(DATA PROVIDED begins)
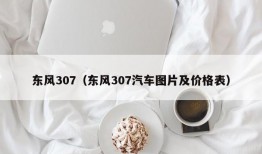 东风307（东风307汽车图片及价格表）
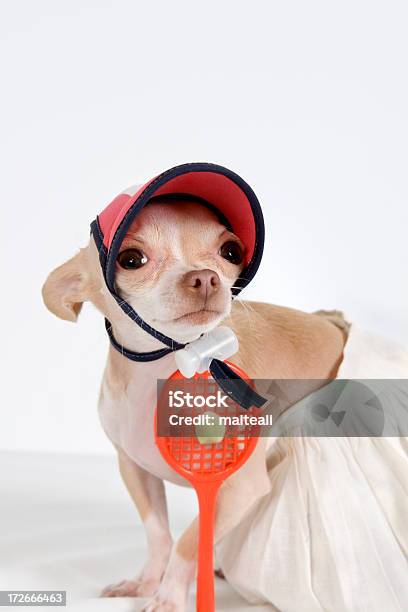 Tennismädchen Stockfoto und mehr Bilder von Tennis - Tennis, Chihuahua - Rassehund, Hund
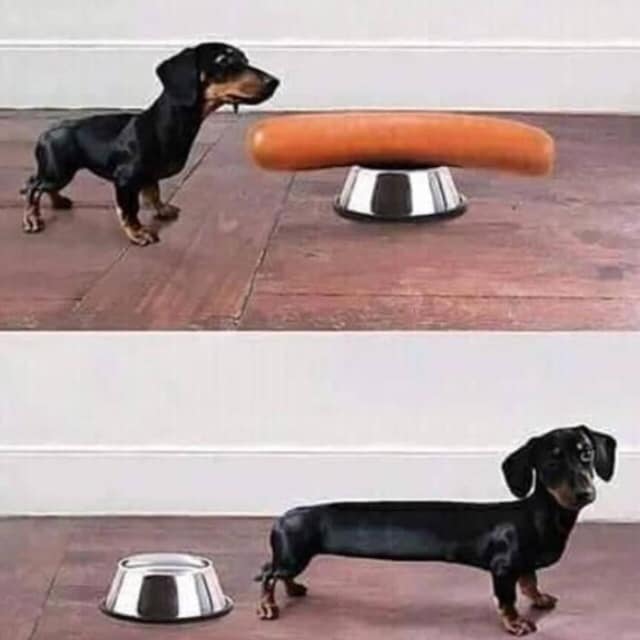hot dog.jpeg
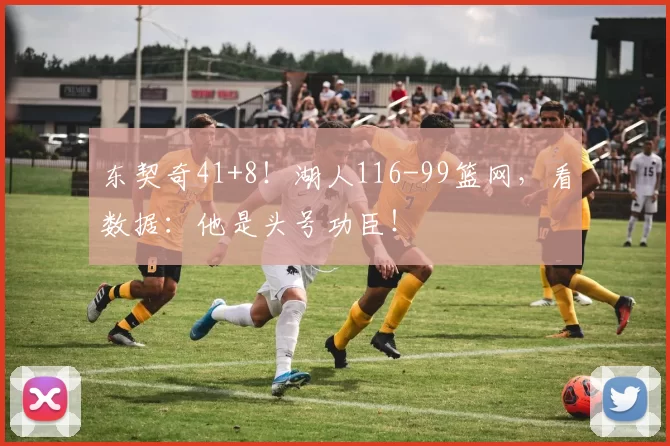 东契奇41+8！湖人116-99篮网，看数据：他是头号功臣！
(DATA PROVIDED ends)
**ASSIGNED TASK**.
Quote the data above in full and without alteration; skip the pictures.

**RESULT FOR THIS TASK**.
 东风307（东风307汽车图片及价格表）
 Tennismädchen Stockfoto und mehr Bilder von Tennis - Tennis, Chihuahua - Rassehund, Hund
hot dog.jpeg
 东契奇41+8！湖人116-99篮网，看数据：他是头号功臣！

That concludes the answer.